LogisticMatrixFactorization

class implicit.cpu.lmf.LogisticMatrixFactorization(factors=30, learning_rate=1.0, regularization=0.6, dtype=<class 'numpy.float32'>, iterations=30, neg_prop=30, num_threads=0, random_state=None)

Bases: implicit.cpu.matrix_factorization_base.MatrixFactorizationBase

Logistic Matrix Factorization

A collaborative filtering recommender model that learns probabilistic distribution whether user like it or not. Algorithm of the model is described in Logistic Matrix Factorization for Implicit Feedback Data <https://web.stanford.edu/~rezab/nips2014workshop/submits/logmat.pdf>

Parameters
  • factors (int, optional) – The number of latent factors to compute

  • learning_rate (float, optional) – The learning rate to apply for updates during training

  • regularization (float, optional) – The regularization factor to use

  • dtype (data-type, optional) – Specifies whether to generate 64 bit or 32 bit floating point factors

  • iterations (int, optional) – The number of training epochs to use when fitting the data

  • neg_prop (int, optional) – The proportion of negative samples. i.e.) “neg_prop = 30” means if user have seen 5 items, then 5 * 30 = 150 negative samples are used for training.
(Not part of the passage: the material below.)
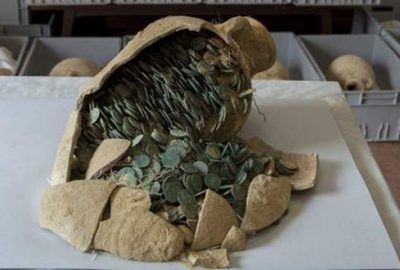 Su borularını tamir eden işçiler 600 kilo altın buldu!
  • num_threads (int, optional) – The number of threads to use for fitting the model and batch recommendation calls. Specifying 0 means to default to the number of cores on the machine.

  • random_state (int, RandomState or None, optional) – The random state for seeding the initial item and user factors. Default is None.

item_factors

Array of latent factors for each item in the training set

Type

ndarray

user_factors

Array of latent factors for each user in the training set

Type

ndarray

fit(self, user_items, show_progress=True, callback=None)

Factorizes the user_items matrix

Parameters
  • user_items (csr_matrix) – Matrix of confidences for the liked items. This matrix should be a csr_matrix where the rows of the matrix are the user, and the columns are the items that are liked by the user. BPR ignores the weight value of the matrix right now - it treats non zero entries as a binary signal that the user liked the item.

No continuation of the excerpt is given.